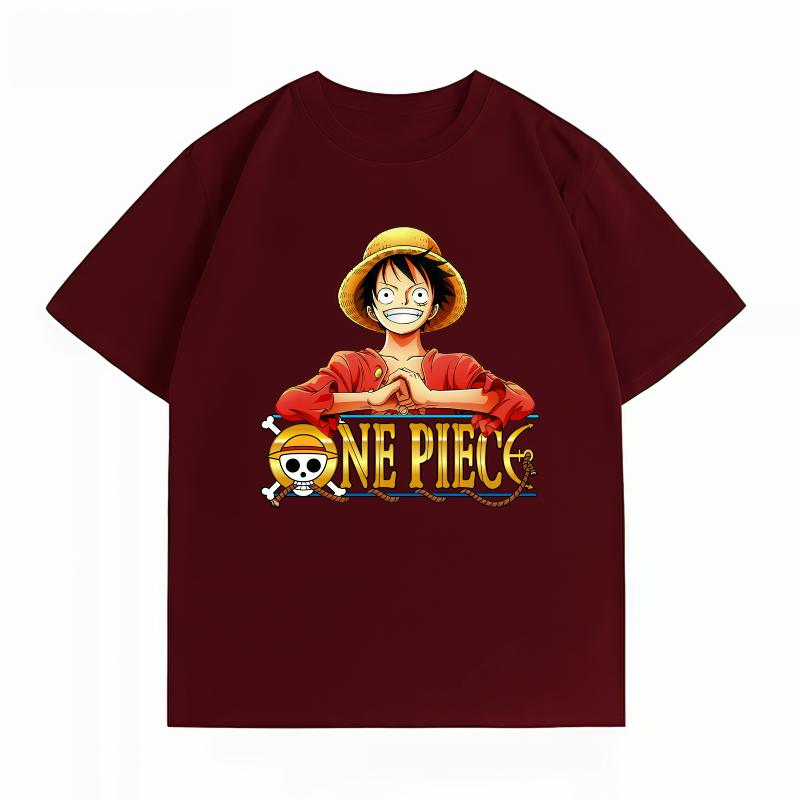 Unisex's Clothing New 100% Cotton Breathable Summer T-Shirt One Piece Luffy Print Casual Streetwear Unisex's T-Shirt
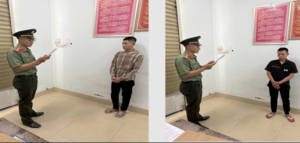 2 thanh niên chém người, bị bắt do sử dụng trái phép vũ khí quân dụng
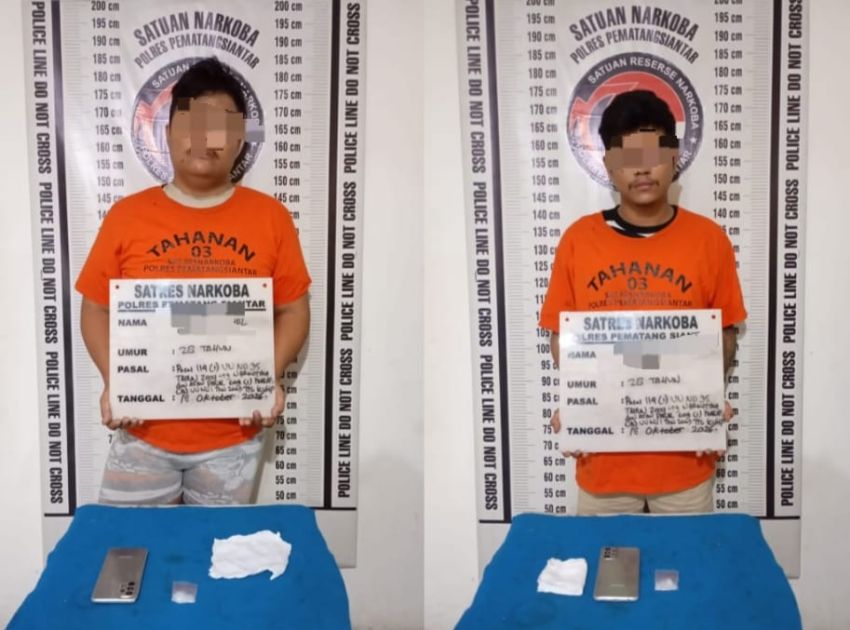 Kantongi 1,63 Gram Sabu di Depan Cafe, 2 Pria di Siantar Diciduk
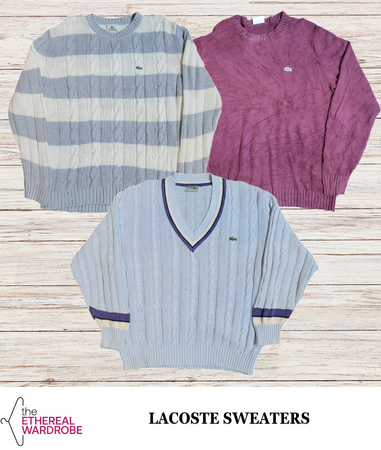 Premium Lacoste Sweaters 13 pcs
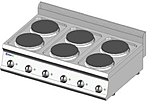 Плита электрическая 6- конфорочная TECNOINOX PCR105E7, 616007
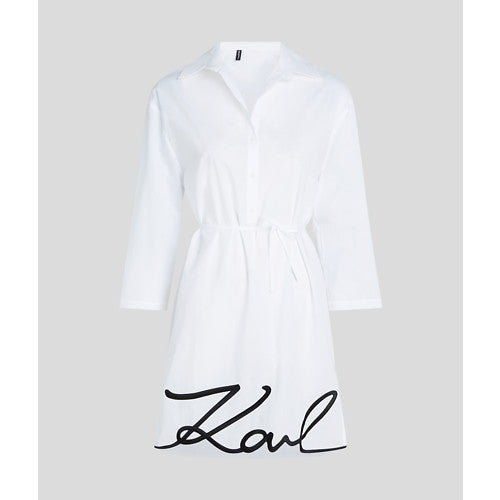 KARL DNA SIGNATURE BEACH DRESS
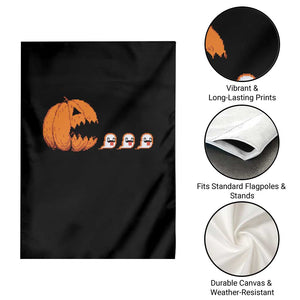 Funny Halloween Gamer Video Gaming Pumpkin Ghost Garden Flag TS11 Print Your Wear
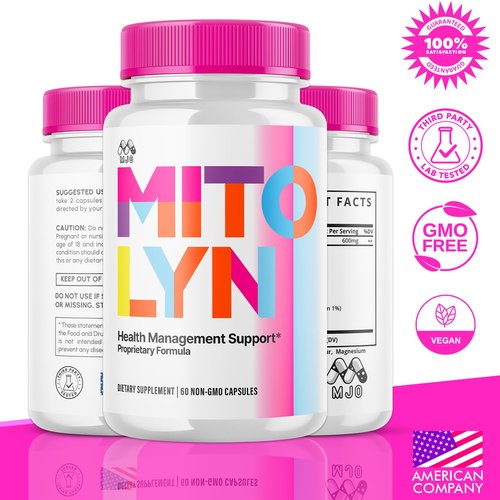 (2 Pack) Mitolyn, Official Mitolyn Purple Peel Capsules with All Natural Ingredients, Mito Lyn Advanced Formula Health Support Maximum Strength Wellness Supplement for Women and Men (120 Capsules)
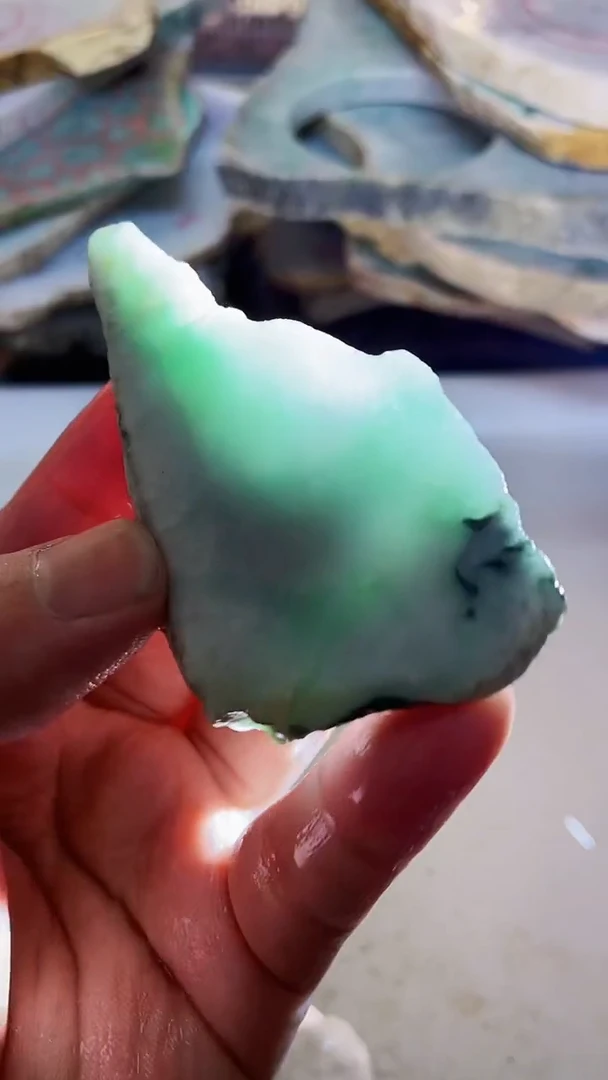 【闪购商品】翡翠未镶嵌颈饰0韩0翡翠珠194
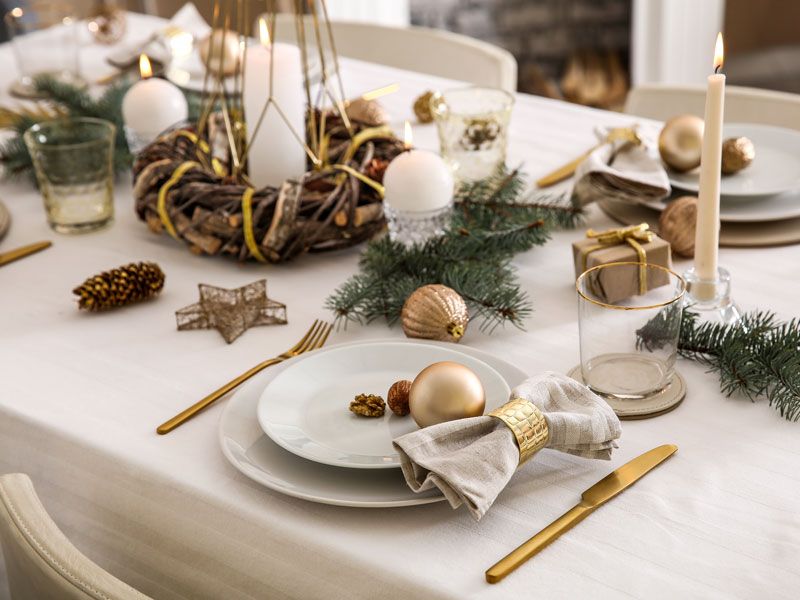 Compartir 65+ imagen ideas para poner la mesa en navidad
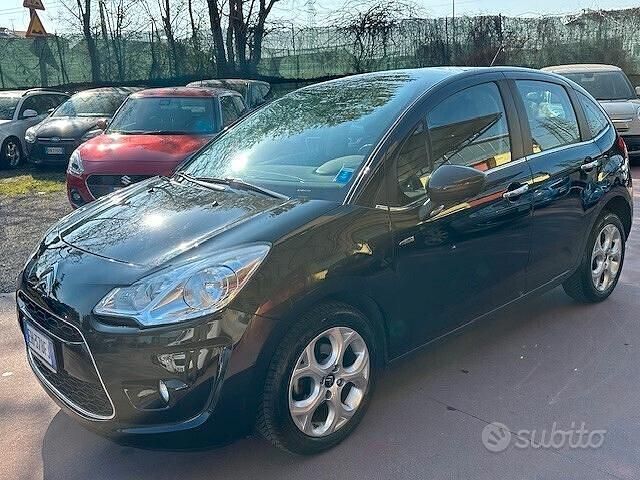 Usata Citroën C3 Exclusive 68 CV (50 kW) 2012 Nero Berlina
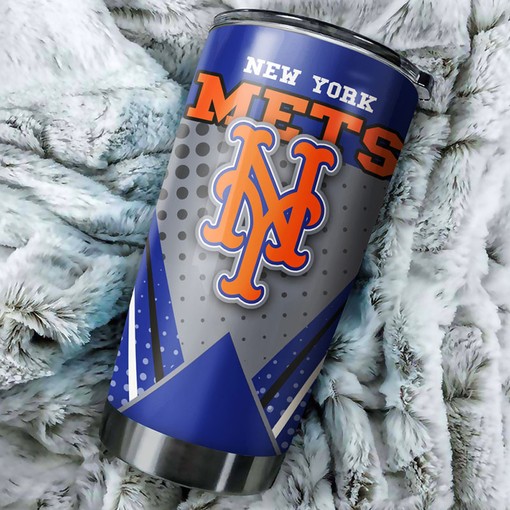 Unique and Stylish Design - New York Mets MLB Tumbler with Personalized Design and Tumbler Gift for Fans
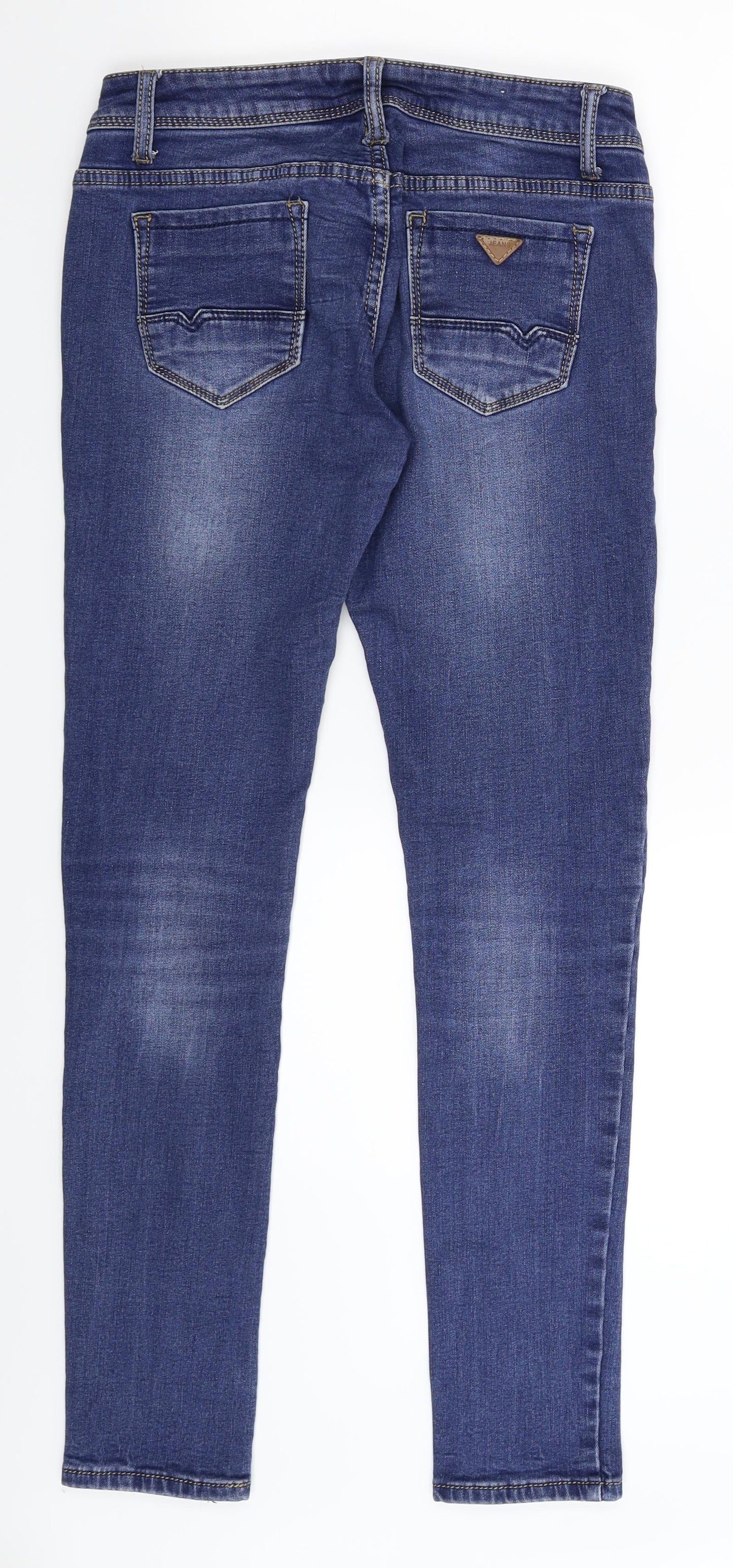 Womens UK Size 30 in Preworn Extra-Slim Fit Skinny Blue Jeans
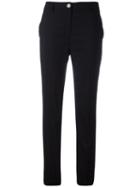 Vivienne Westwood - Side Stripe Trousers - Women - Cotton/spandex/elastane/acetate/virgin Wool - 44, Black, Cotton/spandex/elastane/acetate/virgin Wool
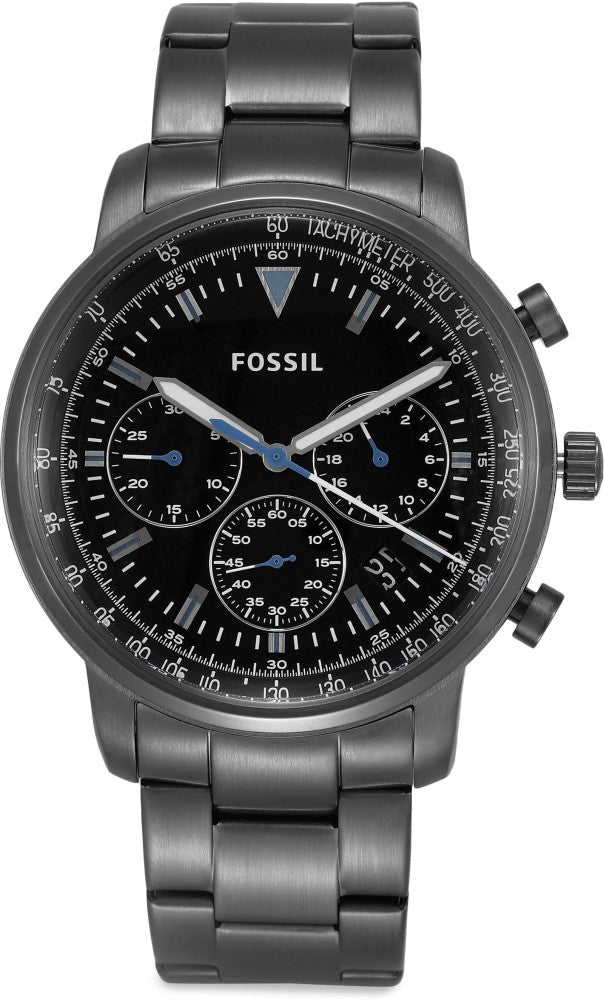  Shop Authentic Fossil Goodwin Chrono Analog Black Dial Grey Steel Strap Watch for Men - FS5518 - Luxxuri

- - -

• _TASK BRIEF_
Reproduce every entry word for word, but skip any pictures.

• _RESULT FOR THIS TASK_
 Unisex's Clothing New 100% Cotton Breathable Summer T-Shirt One Piece Luffy Print Casual Streetwear Unisex's T-Shirt
 2 thanh niên chém người, bị bắt do sử dụng trái phép vũ khí quân dụng
 Kantongi 1,63 Gram Sabu di Depan Cafe, 2 Pria di Siantar Diciduk
 Premium Lacoste Sweaters 13 pcs
 Плита электрическая 6- конфорочная TECNOINOX PCR105E7, 616007
 KARL DNA SIGNATURE BEACH DRESS
 Funny Halloween Gamer Video Gaming Pumpkin Ghost Garden Flag TS11 Print Your Wear
 (2 Pack) Mitolyn, Official Mitolyn Purple Peel Capsules with All Natural Ingredients, Mito Lyn Advanced Formula Health Support Maximum Strength Wellness Supplement for Women and Men (120 Capsules)
 【闪购商品】翡翠未镶嵌颈饰0韩0翡翠珠194
 Compartir 65+ imagen ideas para poner la mesa en navidad
 Usata Citroën C3 Exclusive 68 CV (50 kW) 2012 Nero Berlina
 Unique and Stylish Design - New York Mets MLB Tumbler with Personalized Design and Tumbler Gift for Fans
 Womens UK Size 30 in Preworn Extra-Slim Fit Skinny Blue Jeans
 Vivienne Westwood - Side Stripe Trousers - Women - Cotton/spandex/elastane/acetate/virgin Wool - 44, Black, Cotton/spandex/elastane/acetate/virgin Wool
  Shop Authentic Fossil Goodwin Chrono Analog Black Dial Grey Steel Strap Watch for Men - FS5518 - Luxxuri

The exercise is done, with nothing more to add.